INSTRUCTIONS TO FOLLOW –
Repeat the entries. Each one must match exactly.

EXCERPTED DATA –
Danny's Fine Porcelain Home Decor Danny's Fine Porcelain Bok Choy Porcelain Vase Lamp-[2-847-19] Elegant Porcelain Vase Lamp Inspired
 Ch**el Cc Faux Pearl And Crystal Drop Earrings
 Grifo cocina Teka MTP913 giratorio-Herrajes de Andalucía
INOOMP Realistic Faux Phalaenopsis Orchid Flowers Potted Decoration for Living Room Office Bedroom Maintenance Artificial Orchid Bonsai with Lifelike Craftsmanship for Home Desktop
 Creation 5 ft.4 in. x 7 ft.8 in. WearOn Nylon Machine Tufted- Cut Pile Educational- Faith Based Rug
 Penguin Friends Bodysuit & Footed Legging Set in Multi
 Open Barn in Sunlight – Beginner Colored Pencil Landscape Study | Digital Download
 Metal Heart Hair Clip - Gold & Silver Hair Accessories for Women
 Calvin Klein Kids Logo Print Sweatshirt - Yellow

REPLY –
Danny's Fine Porcelain Home Decor Danny's Fine Porcelain Bok Choy Porcelain Vase Lamp-[2-847-19] Elegant Porcelain Vase Lamp Inspired
 Ch**el Cc Faux Pearl And Crystal Drop Earrings
 Grifo cocina Teka MTP913 giratorio-Herrajes de Andalucía
INOOMP Realistic Faux Phalaenopsis Orchid Flowers Potted Decoration for Living Room Office Bedroom Maintenance Artificial Orchid Bonsai with Lifelike Craftsmanship for Home Desktop
 Creation 5 ft.4 in. x 7 ft.8 in. WearOn Nylon Machine Tufted- Cut Pile Educational- Faith Based Rug
 Penguin Friends Bodysuit & Footed Legging Set in Multi
 Open Barn in Sunlight – Beginner Colored Pencil Landscape Study | Digital Download
 Metal Heart Hair Clip - Gold & Silver Hair Accessories for Women
 Calvin Klein Kids Logo Print Sweatshirt - Yellow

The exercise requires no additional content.